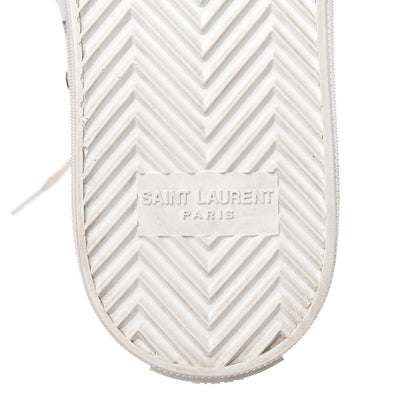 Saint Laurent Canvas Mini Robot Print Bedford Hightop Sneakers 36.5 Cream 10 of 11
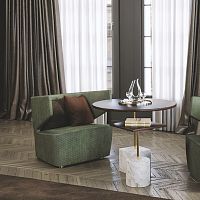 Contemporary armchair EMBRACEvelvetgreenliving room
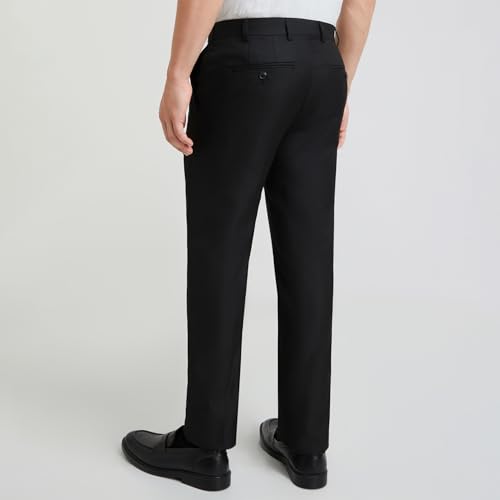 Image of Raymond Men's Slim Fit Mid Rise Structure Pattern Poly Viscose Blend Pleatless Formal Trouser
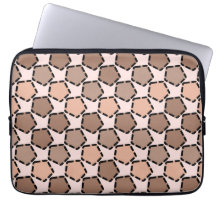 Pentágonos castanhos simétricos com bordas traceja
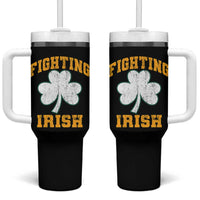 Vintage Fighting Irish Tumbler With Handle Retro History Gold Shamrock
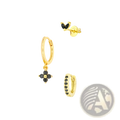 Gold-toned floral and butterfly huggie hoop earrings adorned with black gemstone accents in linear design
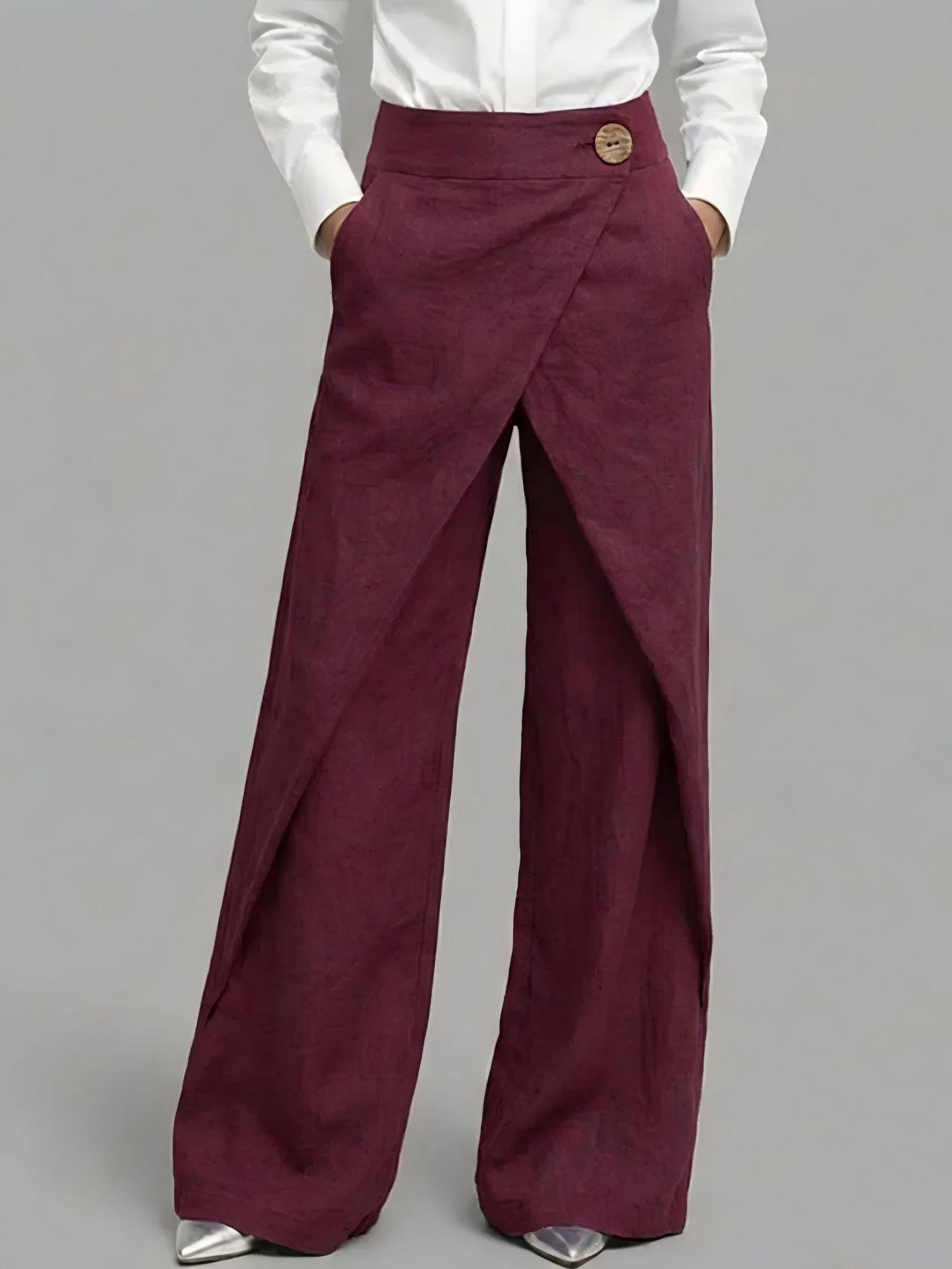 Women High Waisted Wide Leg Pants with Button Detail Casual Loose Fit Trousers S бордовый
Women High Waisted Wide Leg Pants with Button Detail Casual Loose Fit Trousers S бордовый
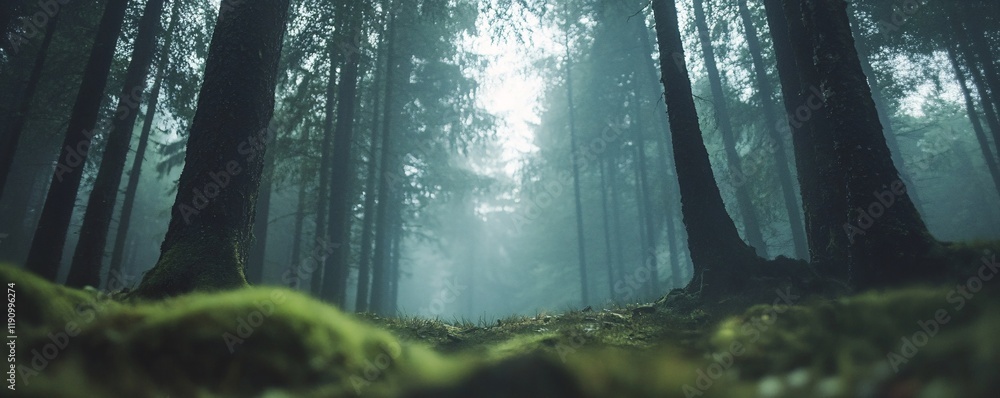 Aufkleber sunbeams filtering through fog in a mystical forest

______________________________

TASK INSTRUCTIONS ▸
Repeat the material exactly. Any picture in it should be dropped.

EXERCISE SOLUTION ▸
 Saint Laurent Canvas Mini Robot Print Bedford Hightop Sneakers 36.5 Cream 10 of 11
 Contemporary armchair EMBRACEvelvetgreenliving room
 Image of Raymond Men's Slim Fit Mid Rise Structure Pattern Poly Viscose Blend Pleatless Formal Trouser
 Pentágonos castanhos simétricos com bordas traceja
 Vintage Fighting Irish Tumbler With Handle Retro History Gold Shamrock
 Gold-toned floral and butterfly huggie hoop earrings adorned with black gemstone accents in linear design
 Women High Waisted Wide Leg Pants with Button Detail Casual Loose Fit Trousers S бордовый
Women High Waisted Wide Leg Pants with Button Detail Casual Loose Fit Trousers S бордовый
 Aufkleber sunbeams filtering through fog in a mystical forest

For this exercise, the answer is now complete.